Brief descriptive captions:
/---

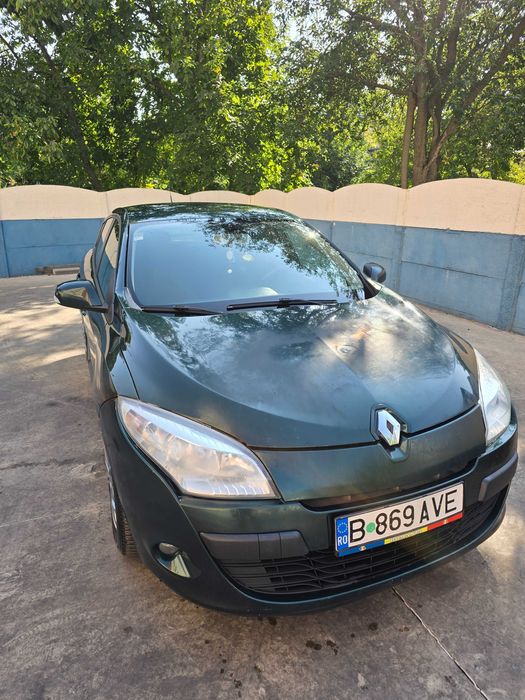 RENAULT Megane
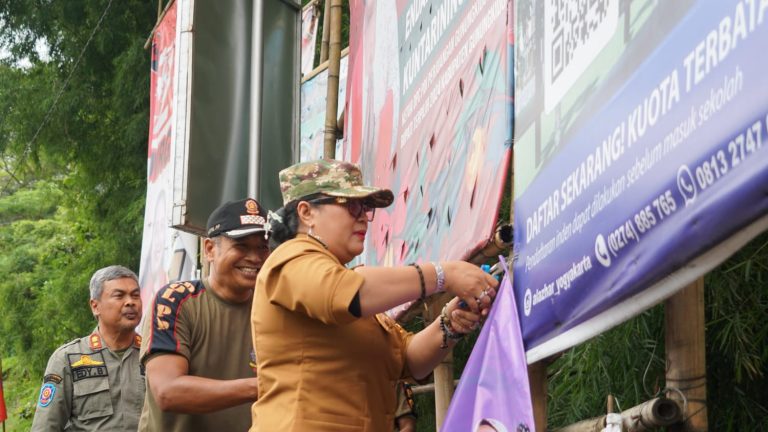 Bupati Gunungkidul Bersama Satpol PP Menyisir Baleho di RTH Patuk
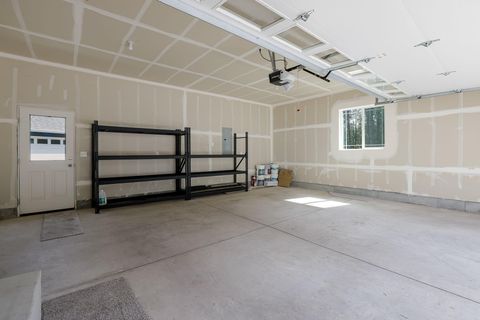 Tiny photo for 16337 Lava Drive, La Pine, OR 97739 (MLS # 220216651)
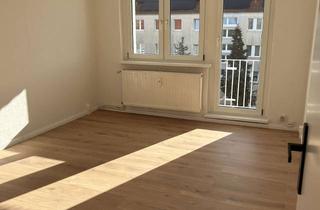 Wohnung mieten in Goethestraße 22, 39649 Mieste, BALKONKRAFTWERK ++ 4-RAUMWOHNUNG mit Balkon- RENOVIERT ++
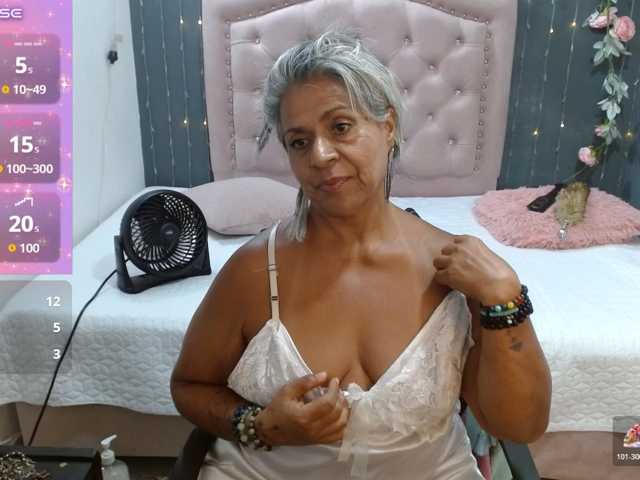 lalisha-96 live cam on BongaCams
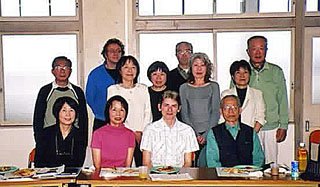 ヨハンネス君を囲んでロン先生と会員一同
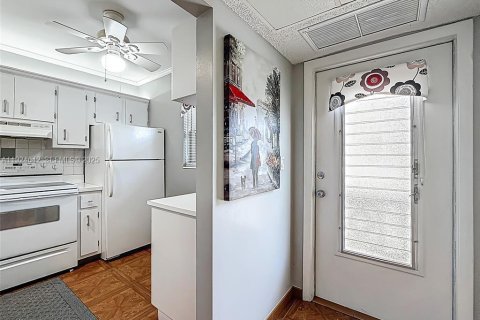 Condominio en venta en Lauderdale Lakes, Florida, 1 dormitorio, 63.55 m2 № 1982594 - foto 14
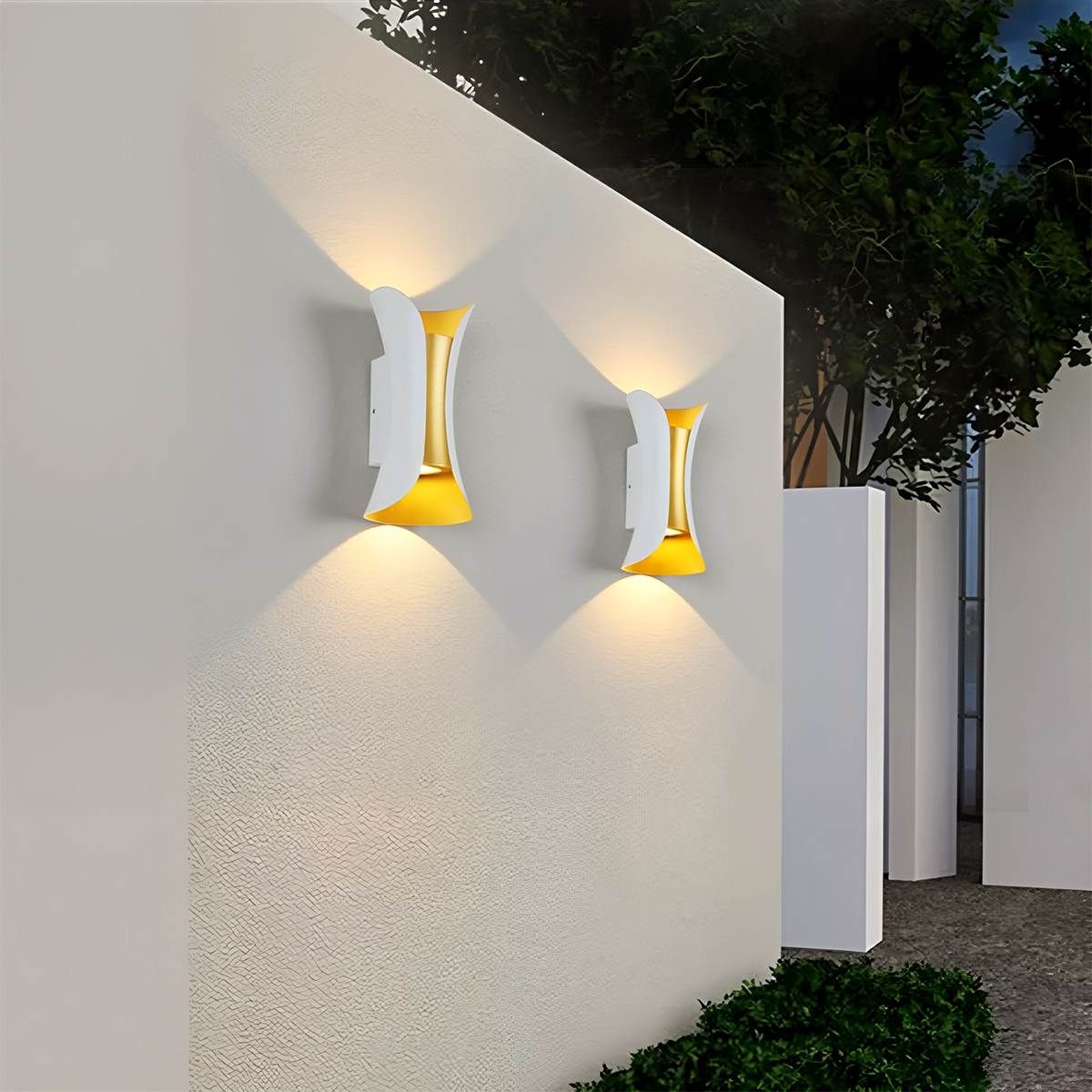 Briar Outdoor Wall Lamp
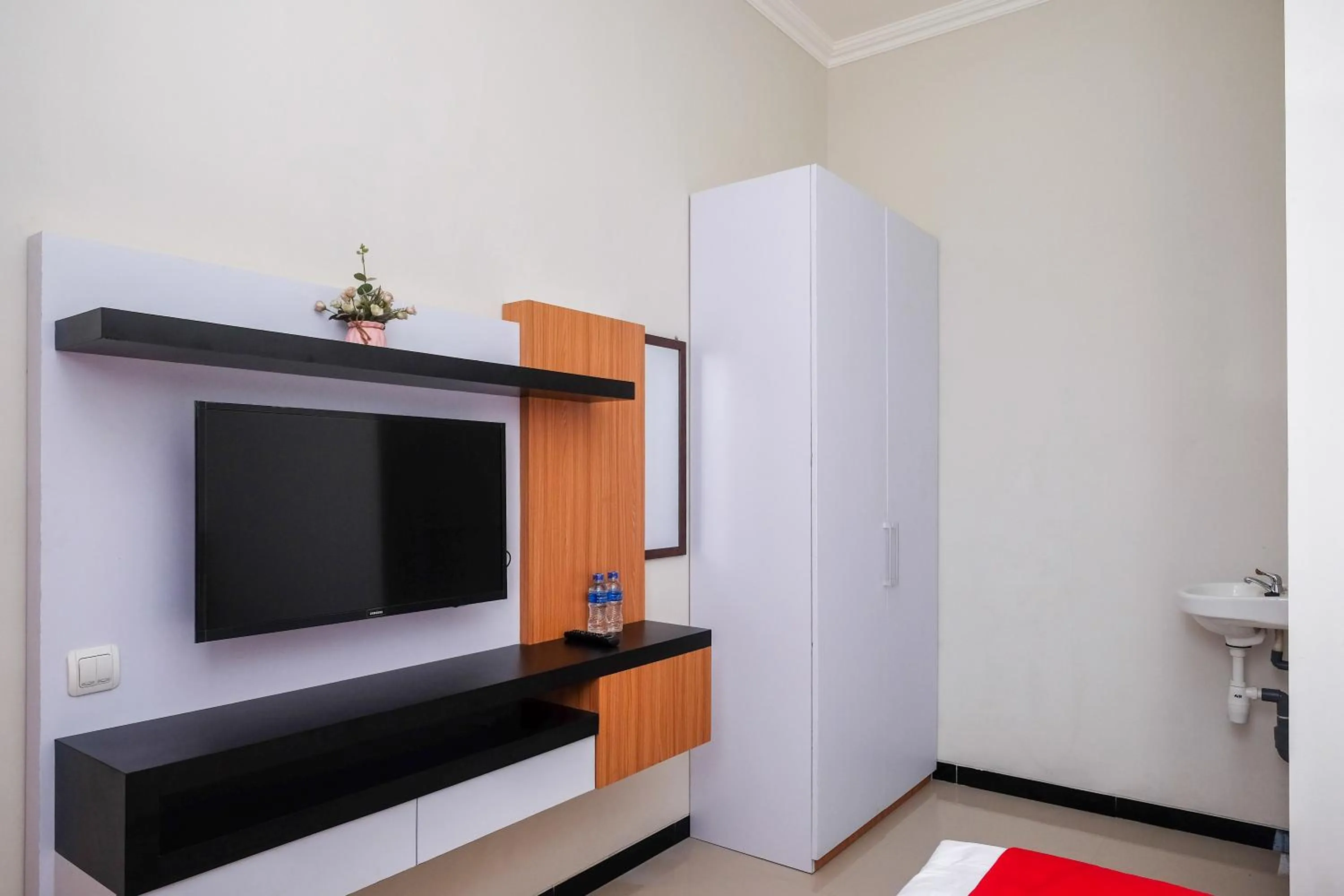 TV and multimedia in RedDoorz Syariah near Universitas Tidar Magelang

\---

Exercise: Each record should be copied exactly, and each image left out.

Your solution:
 RENAULT Megane
 Bupati Gunungkidul Bersama Satpol PP Menyisir Baleho di RTH Patuk
 Tiny photo for 16337 Lava Drive, La Pine, OR 97739 (MLS # 220216651)
 Wohnung mieten in Goethestraße 22, 39649 Mieste, BALKONKRAFTWERK ++ 4-RAUMWOHNUNG mit Balkon- RENOVIERT ++
 lalisha-96 live cam on BongaCams
 ヨハンネス君を囲んでロン先生と会員一同
 Condominio en venta en Lauderdale Lakes, Florida, 1 dormitorio, 63.55 m2 № 1982594 - foto 14
 Briar Outdoor Wall Lamp
 TV and multimedia in RedDoorz Syariah near Universitas Tidar Magelang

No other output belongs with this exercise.